> **Instructions to follow**
Restate word for word only the lines from the one with "Pondok Indah Rumah" through the end of the records; no pictures belong in the copy.

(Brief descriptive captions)
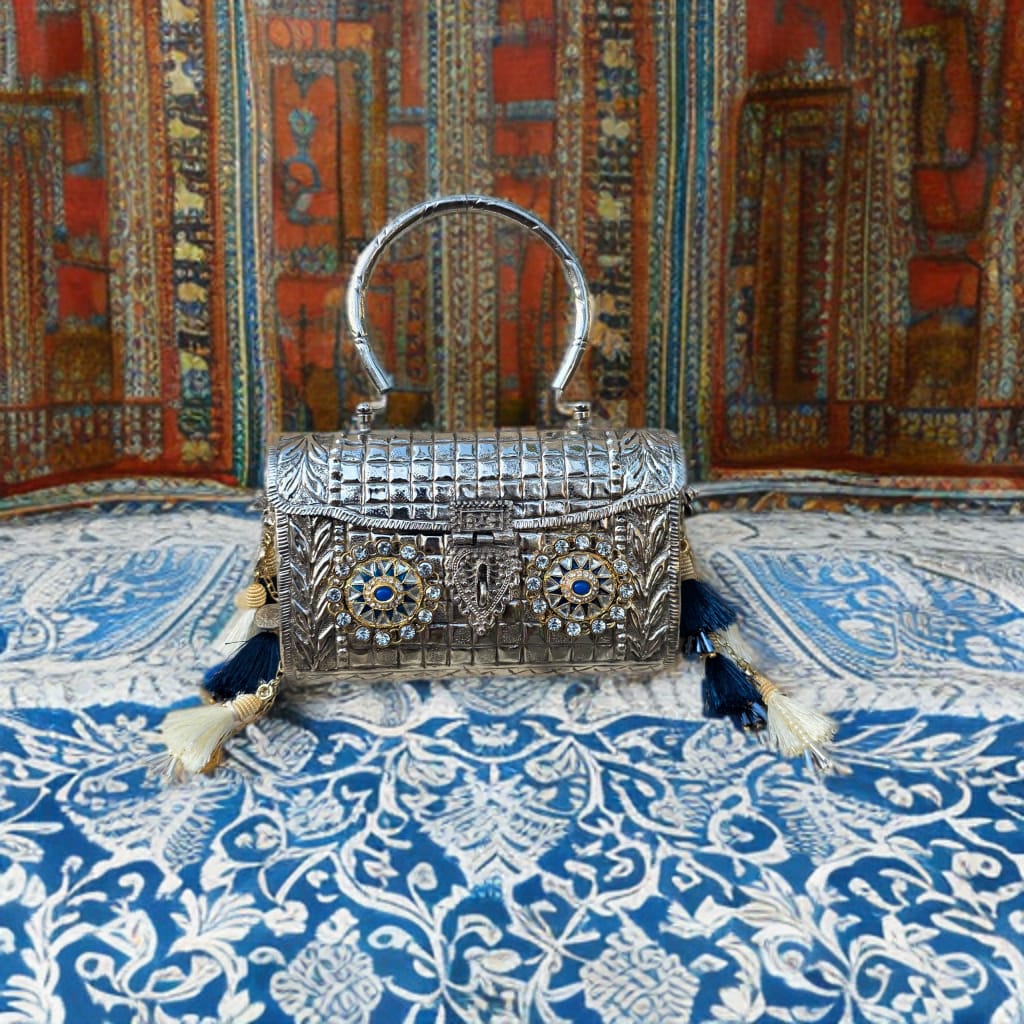 The avni bag Main image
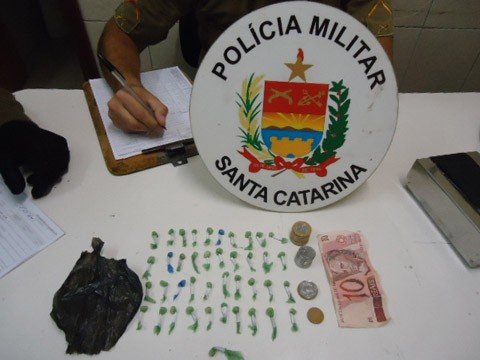 suspeito-escala-marquise-para-fugir-da-policia-1 O homem dispensou um pacote, que foi encontrado pela guarnição da Polícia Militar. Dentro, havia 41 pedras e crack, prontas para e venda - Foto:Polícia Militar de Tubarão/Notisul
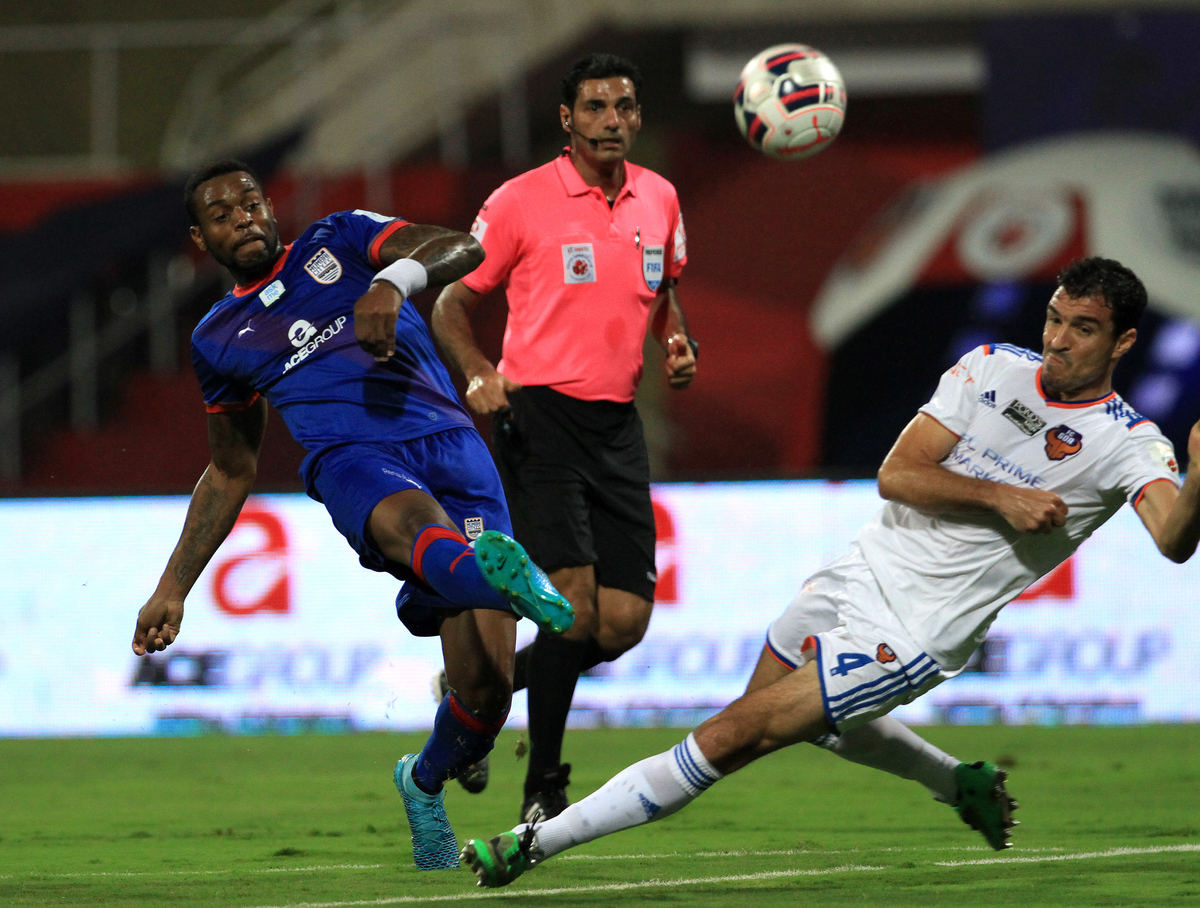 Frederic Piquionne of Mumbai City FC and Luciano Sobrosa of FC Goa in action  during match 21 of the Indian Super League (ISL) season 2  between Mumbai City FC and FC Goa held at the D.Y. Patil Stadium, Navi Mumbai, India on the 25th October 2015.

Photo by Vipin Pawar / ISL/ SPORTZPICS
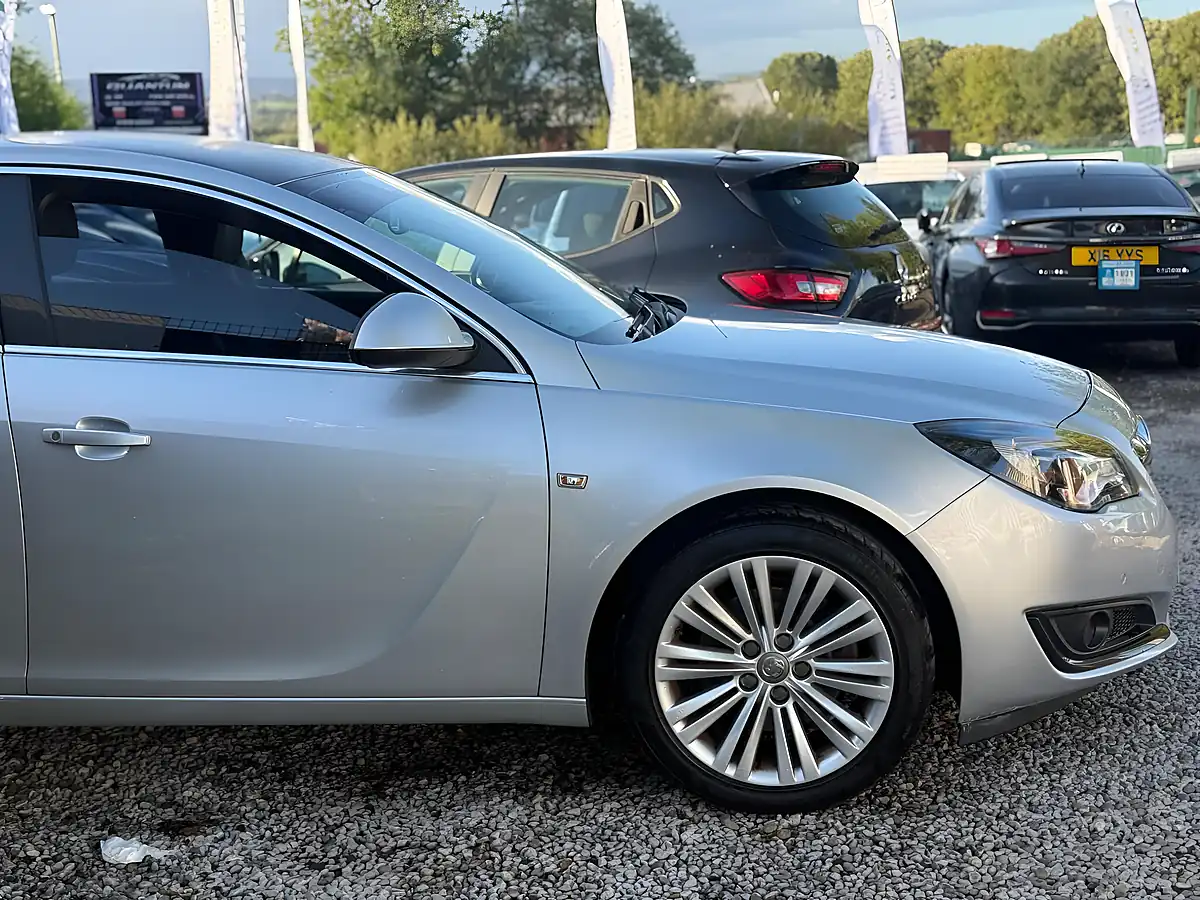 Used 2016 Vauxhall Insignia Tech Line Silver - Interior and Exterior details 20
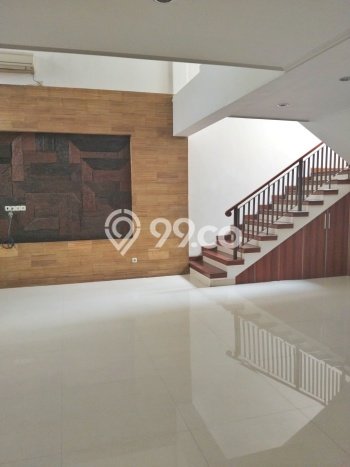 Rumah Kontrakan Jakarta Selatan LT 420m2 LB 550m2 Area Pondok Indah Rumah Kontrakan Jakarta Selatan LT 420m2 LB 550m2 Area Pondok Indah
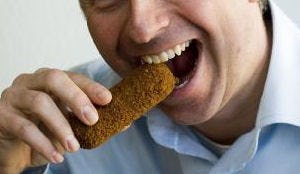 Snacks en frites bevatten minder fout vet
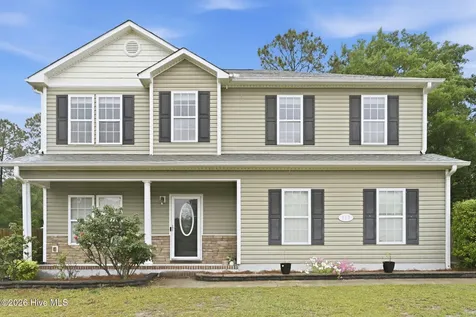 113 Sunny Point Drive Richlands NC 28574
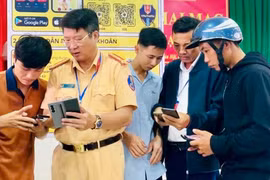 VNeTraffic: A Versatile Multi-Utility Application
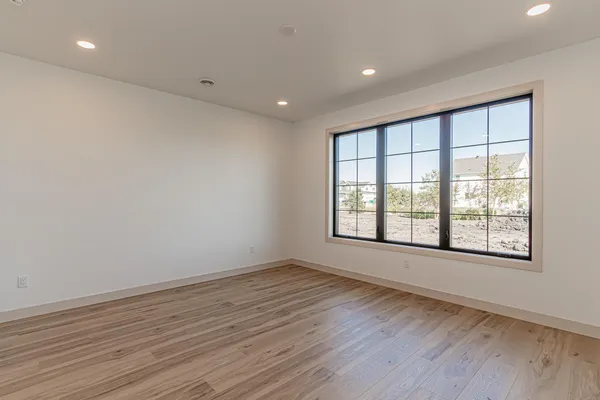 $620,000 | 8820 Northern Lgts Avenue, Horace, ND 58047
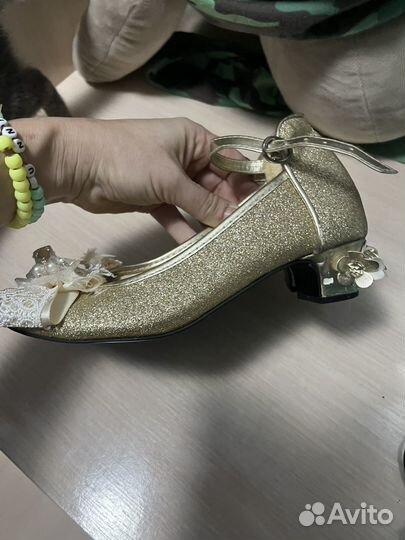 Праздничные туфли для девочки золотые 33 размер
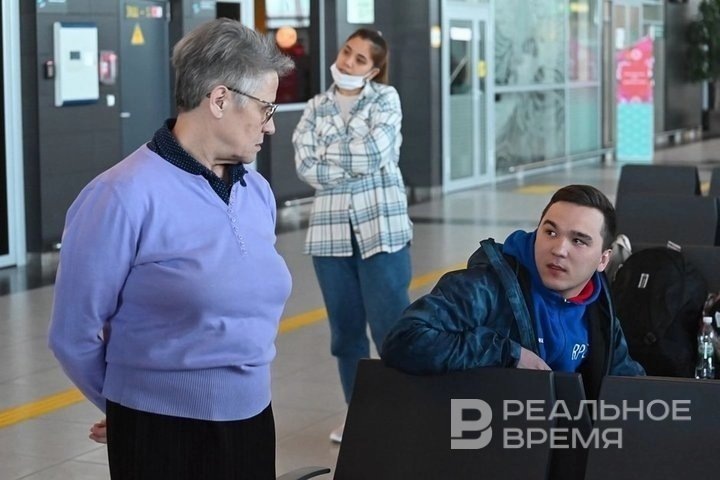 Сафиуллина общается с братом паралимпийца из Альметьевска. Максим Платонов / realnoevremya.ru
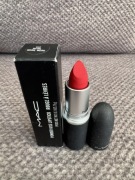 Mac Cosmetics 922 Werk, Werk, Werk pomadka szminka czerwona nowa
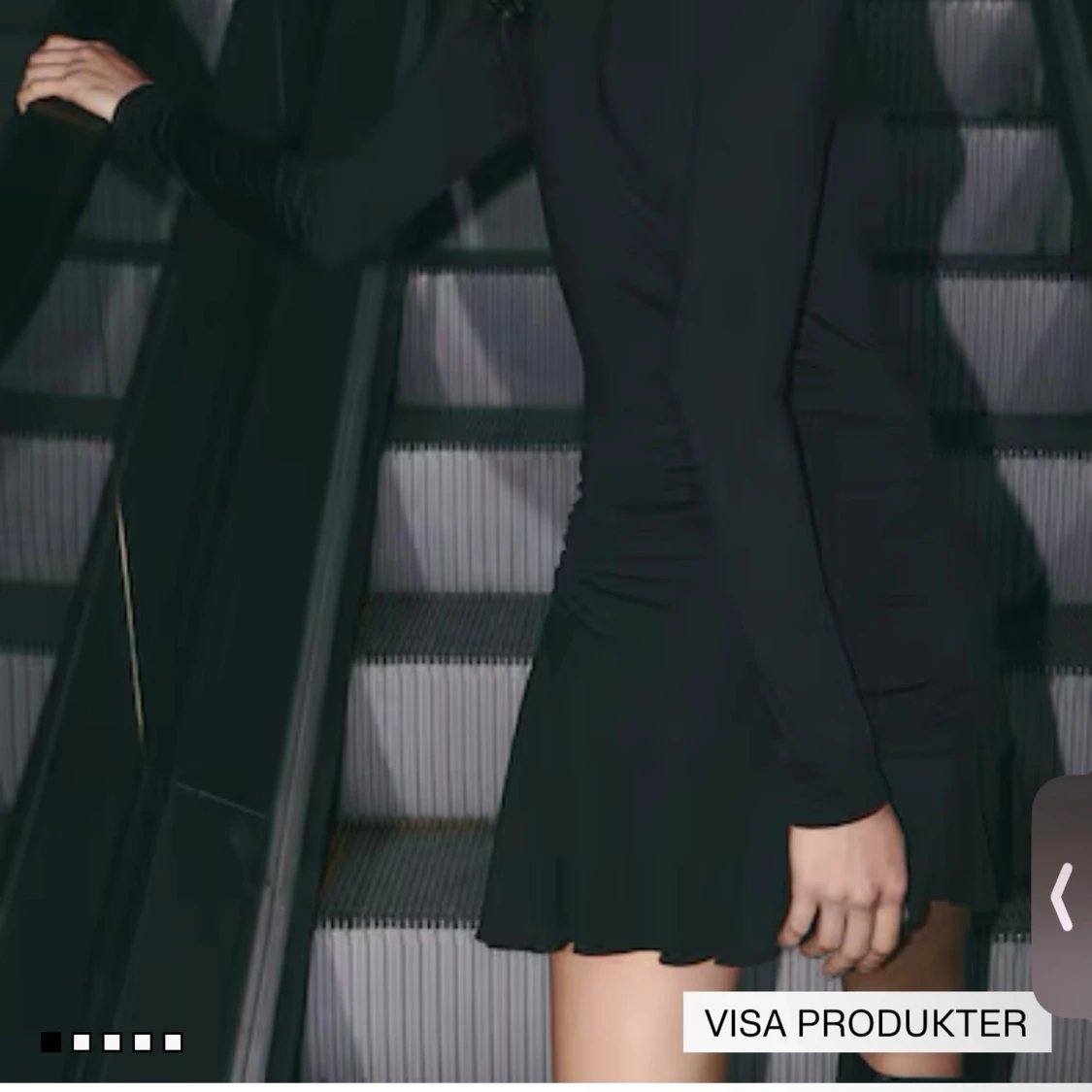 Svart kortkjol med rynkdetaljer - 3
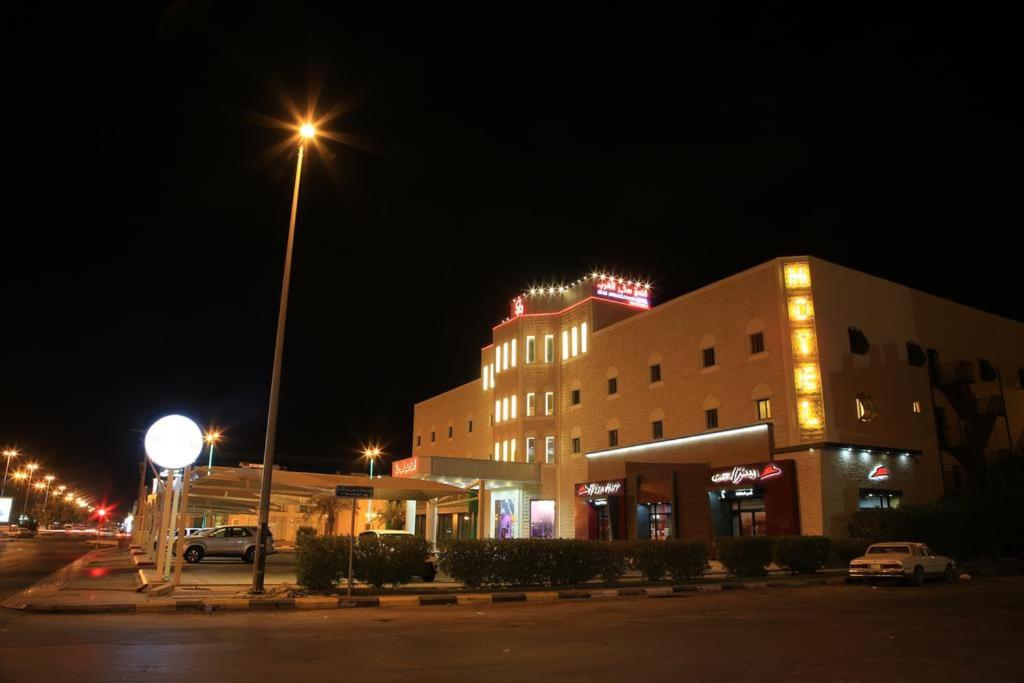 拉夫哈فندق سفير العرب的一座建筑,在晚上前有街灯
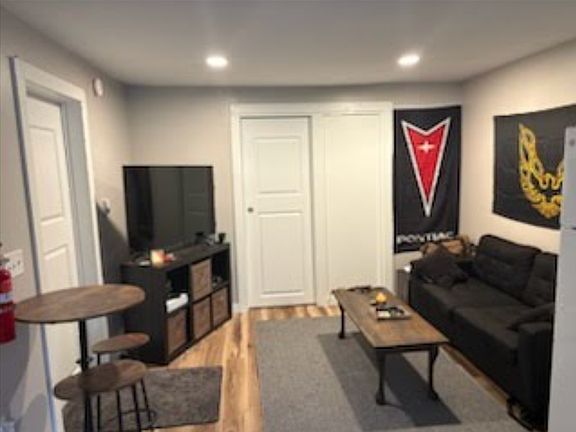Living (kitchen behind)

> **Task answer**
 Rumah Kontrakan Jakarta Selatan LT 420m2 LB 550m2 Area Pondok Indah Rumah Kontrakan Jakarta Selatan LT 420m2 LB 550m2 Area Pondok Indah
 Snacks en frites bevatten minder fout vet
 113 Sunny Point Drive Richlands NC 28574
 VNeTraffic: A Versatile Multi-Utility Application
 $620,000 | 8820 Northern Lgts Avenue, Horace, ND 58047
 Праздничные туфли для девочки золотые 33 размер
 Сафиуллина общается с братом паралимпийца из Альметьевска. Максим Платонов / realnoevremya.ru
 Mac Cosmetics 922 Werk, Werk, Werk pomadka szminka czerwona nowa
 Svart kortkjol med rynkdetaljer - 3
 拉夫哈فندق سفير العرب的一座建筑,在晚上前有街灯
Living (kitchen behind)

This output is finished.